Robustness versus Fidelity in Natural Language Understanding
A number of issues arise when trying to scale-up natural language
understanding (NLU) tools designed for relatively simple domains (e.g.,
flight information) to domains such as medical advising or tutoring where
deep understanding of user utterances is necessary. Because the subject
matter is richer, the range of vocabulary and grammatical structures is
larger meaning NLU tools are more likely to encounter out-of-vocabulary
words or extra-grammatical utterances. This is especially true in medical
advising and tutoring where users may not know the correct vocabulary and
use common sense terms or descriptions instead. Techniques designed to
improve robustness (e.g., skipping unknown words, relaxing grammatical
constraints, mapping unknown words to known words) are effective at
increasing the number of utterances for which an NLU sub-system can produce
a semantic interpretation. However, such techniques introduce additional
ambiguity and can lead to a loss of fidelity (i.e., a mismatch between the
semantic interpretation and what the language producer meant). To control
this trade-off, we propose semantic interpretation confidence scores akin
to speech recognition confidence scores, and describe our initial attempt
to compute such a score in a modularized NLU sub-system.)
----
Short bio:
Mark received his Ph.D. from the University of Rochester under the supervision
of Len Schubert. The subject of his dissertation was dialog parsing; his
dialog parser identified speech repairs as well as the dialogue acts of
utterances. Starting in 2000, Mark has been a researcher at the University
of Edinburgh, working with Johanna Moore on the BEETLE tutorial dialogue
system. He built a natural language understanding module for BEETLE using
the CARMEL workbench, adding features such as unknown word handling and
semantic-confidence-score calculation. The second area of his research is
dialogue annotation and analysis, looking at phenomena such as initiative,
and dialogue acts and games.
Joel Tetrault
University of Rochester
Friday May 7, 1:30
731 LRDC
In a spoken dialog system, the job of a reference resolution module is to
identify noun phrases and resolve them to entities evoked in the dialogue.

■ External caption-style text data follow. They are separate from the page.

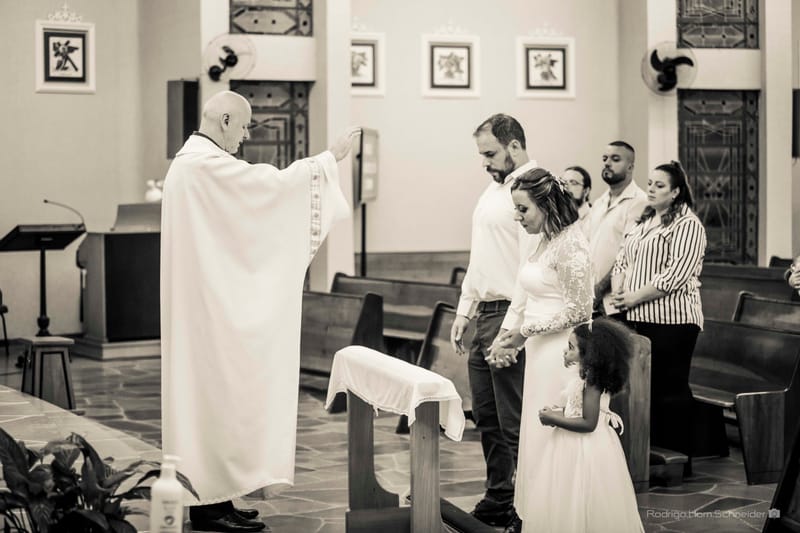 Casamento Luana e Daniel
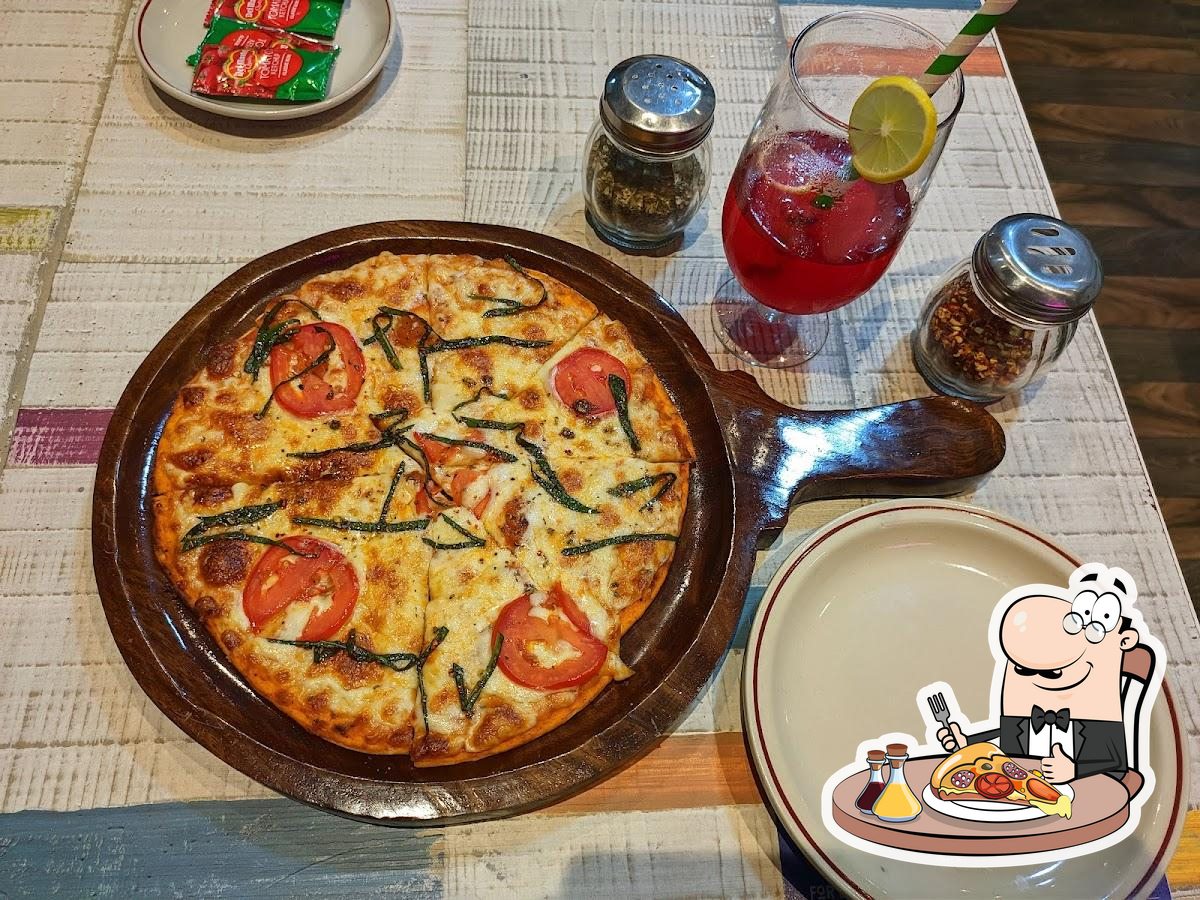 Pair A Dice Board Games Cafe, Kolkata Restaurant menu and reviews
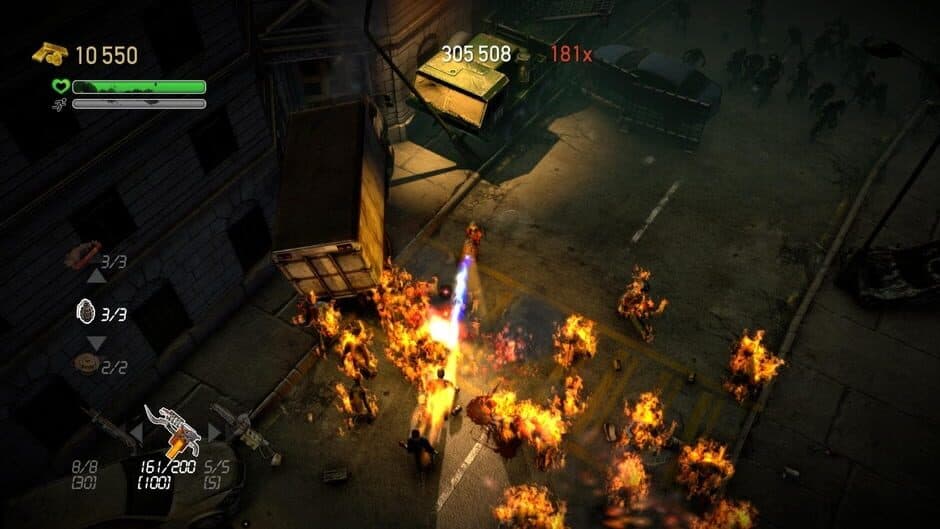 Скриншот 1 из Dead Nation: Apocalypse Edition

This involves finding antecedents for pronouns such as "that" or "they" and
resolving definite noun phrases such as "the two hospitals" or "the ambulance
here." Though reference is just one part of the overall interpretation of
a sentence, it is a very important piece because failure to resolve the
entities in a sentence correctly can lead to an incorrect interpretation
of a sentence and thus an erroneous response to the user.
Many approaches to reference resolution, specifically pronoun resolution,
have relied heavily on syntactic and surface features. While these
methods are able to perform very well, such as resolving as much as 80% of
the pronouns in a large corpus correctly, the "20% gap" has been hard
to overcome because these pronoun require additional information on top of
syntactic features for resolution. In this talk I present work that
incorporates discourse structure and semantic features into a pronoun
resolution algorithm to improve performance over two types of corpora: a
newspaper domain (Penn Treebank) and human-human spoken dialogue.
Short Bio:
Joel Tetreault is in his final year of his PhD in Computer Science at the
University of Rochester. He received his bachelor's degree from Harvard
University in 1998 and Master's from Rochester in 2000. His main
interest is Natural Language Processing. He has done work in reference
resolution, discourse processing, spoken dialogue systems, and information
retrieval techniques for detecting affect.